Breast cancer: physical activity reduces the risk – Presse santé

Women who are physically active have a reduced risk of getting breast cancer. It’s never too late to do well, because this protective effect is also observed in women who do not practice physical activity until after menopause..

Women who are physically active have a reduced risk of getting breast cancer. According to a major recent study, it’s never too late to do well, because this protective effect is even observed in women who only become active after menopause.

Everyone knows that physical activity provides many health benefits, both physically (aerobic capacity, strength, flexibility) and mentally (stress reduction, cognitive function). What is less known, however, is to what extent regular exercise is also one of the best ways to significantly reduce the risk of cancer.

Breast cancer: 25% reduction in risk thanks to physical activity

A very large number of studies have clearly demonstrated that people who are the most physically active see their risk of being affected by several cancers being considerably reduced compared to those who have a sedentary lifestyle.

This protective effect is particularly well documented for colon and breast cancers, with average risk reductions of 25% observed in dozens of studies. Several data suggest that endometrial, ovarian, lung and prostate cancers are also less common in active people.

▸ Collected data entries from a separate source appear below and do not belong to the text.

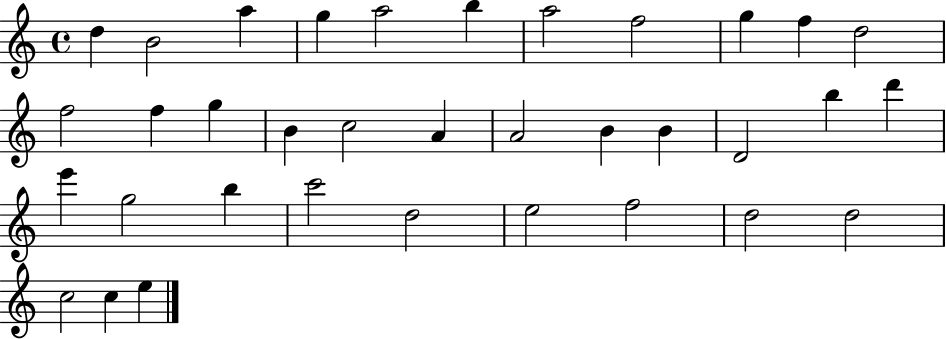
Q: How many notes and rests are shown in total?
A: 35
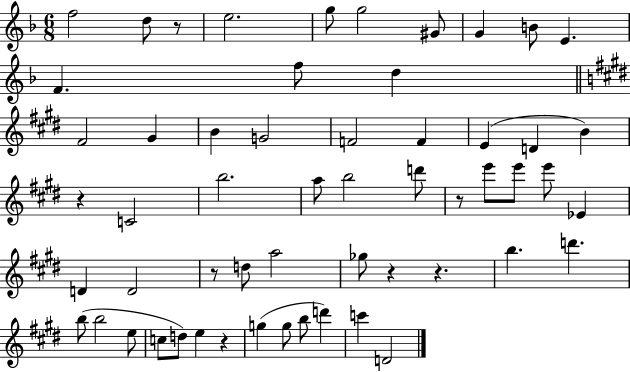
{
  \clef treble
  \numericTimeSignature
  \time 6/8
  \key f \major
  f''2 d''8 r8 | e''2. | g''8 g''2 gis'8 | g'4 b'8 e'4. | \break f'4. f''8 d''4 | \bar "||" \break \key e \major fis'2 gis'4 | b'4 g'2 | f'2 f'4 | e'4( d'4 b'4) | \break r4 c'2 | b''2. | a''8 b''2 d'''8 | r8 e'''8 e'''8 e'''8 ees'4 | \break d'4 d'2 | r8 d''8 a''2 | ges''8 r4 r4. | b''4. d'''4. | \break b''8( b''2 e''8 | c''8 d''8) e''4 r4 | g''4( g''8 b''8 d'''4) | c'''4 d'2 | \break \bar "|."
}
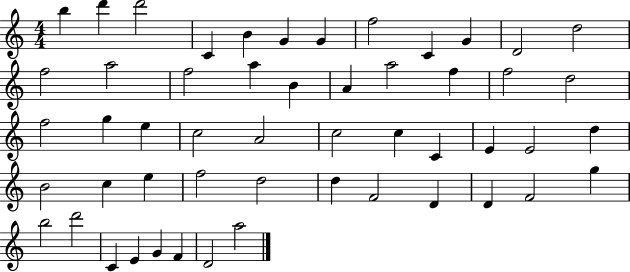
X:1
T:Untitled
M:4/4
L:1/4
K:C
b d' d'2 C B G G f2 C G D2 d2 f2 a2 f2 a B A a2 f f2 d2 f2 g e c2 A2 c2 c C E E2 d B2 c e f2 d2 d F2 D D F2 g b2 d'2 C E G F D2 a2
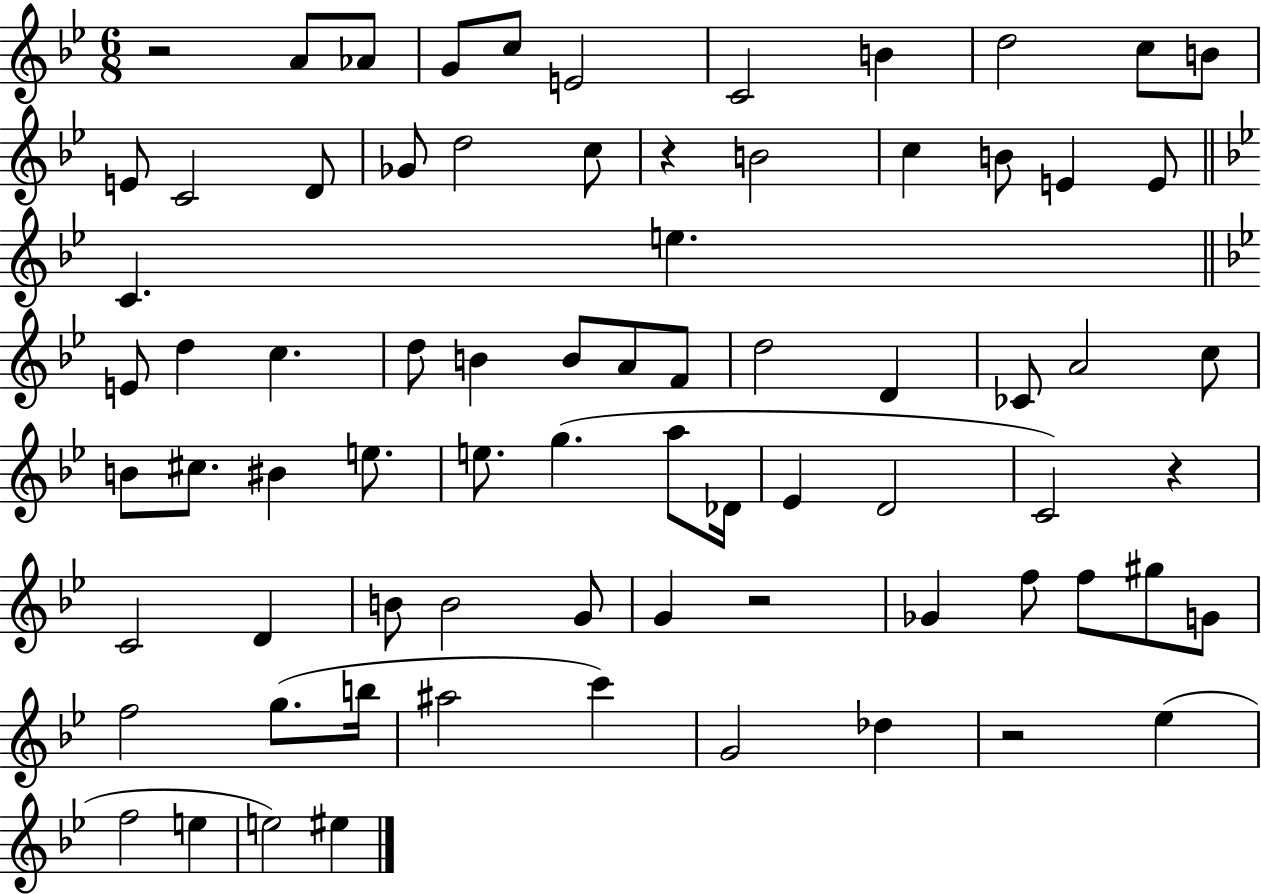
X:1
T:Untitled
M:6/8
L:1/4
K:Bb
z2 A/2 _A/2 G/2 c/2 E2 C2 B d2 c/2 B/2 E/2 C2 D/2 _G/2 d2 c/2 z B2 c B/2 E E/2 C e E/2 d c d/2 B B/2 A/2 F/2 d2 D _C/2 A2 c/2 B/2 ^c/2 ^B e/2 e/2 g a/2 _D/4 _E D2 C2 z C2 D B/2 B2 G/2 G z2 _G f/2 f/2 ^g/2 G/2 f2 g/2 b/4 ^a2 c' G2 _d z2 _e f2 e e2 ^e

Being physically active is therefore not limited to moving the muscles; it is above all an action that induces a series of biochemical and physiological changes capable of creating an inhospitable climate for cancer cells that interferes with their progression into advanced cancer.

Simple physical activity, such as walking, is best

One of the most interesting aspects of physical activity is that its positive impact on health is very rapid, with benefits observed as soon as you adopt an active lifestyle. For example, in a study of 59,308 postmenopausal women, a team of French scientists observed that those who engaged in four hours of moderate activity per week saw their risk of invasive breast cancer (the aggressive form of this cancer) decrease by 10%. This protection, however, was only observed in women who were active at the time of the study: those who exercised regularly when they were younger, but who had stopped in the last few years were not of the all protected. To take advantage of the anti-cancer effects of physical activity, the most important thing is to do it regularly, regardless of the age at which you start, and to maintain these good habits for as long as possible.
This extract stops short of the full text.